TASK PROMPT →
Reproduce the records exactly, beginning with their first line and ending with the line that contains "Airport Rail Dmc", and output nothing more.

RECORDS SUPPLIED →
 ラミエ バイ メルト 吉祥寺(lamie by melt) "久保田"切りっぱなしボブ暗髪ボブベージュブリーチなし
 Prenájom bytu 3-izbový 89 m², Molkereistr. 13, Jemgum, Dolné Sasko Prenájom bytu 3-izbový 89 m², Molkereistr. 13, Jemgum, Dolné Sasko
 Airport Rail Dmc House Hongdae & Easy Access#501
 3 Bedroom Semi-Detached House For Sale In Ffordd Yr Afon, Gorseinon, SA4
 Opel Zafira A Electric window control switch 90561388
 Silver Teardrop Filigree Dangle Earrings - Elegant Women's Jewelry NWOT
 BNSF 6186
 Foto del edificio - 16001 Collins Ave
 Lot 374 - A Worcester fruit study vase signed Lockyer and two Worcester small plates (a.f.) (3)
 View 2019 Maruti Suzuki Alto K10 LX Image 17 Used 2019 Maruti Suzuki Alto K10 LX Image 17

EXERCISE RESULT →
 ラミエ バイ メルト 吉祥寺(lamie by melt) "久保田"切りっぱなしボブ暗髪ボブベージュブリーチなし
 Prenájom bytu 3-izbový 89 m², Molkereistr. 13, Jemgum, Dolné Sasko Prenájom bytu 3-izbový 89 m², Molkereistr. 13, Jemgum, Dolné Sasko
 Airport Rail Dmc House Hongdae & Easy Access#501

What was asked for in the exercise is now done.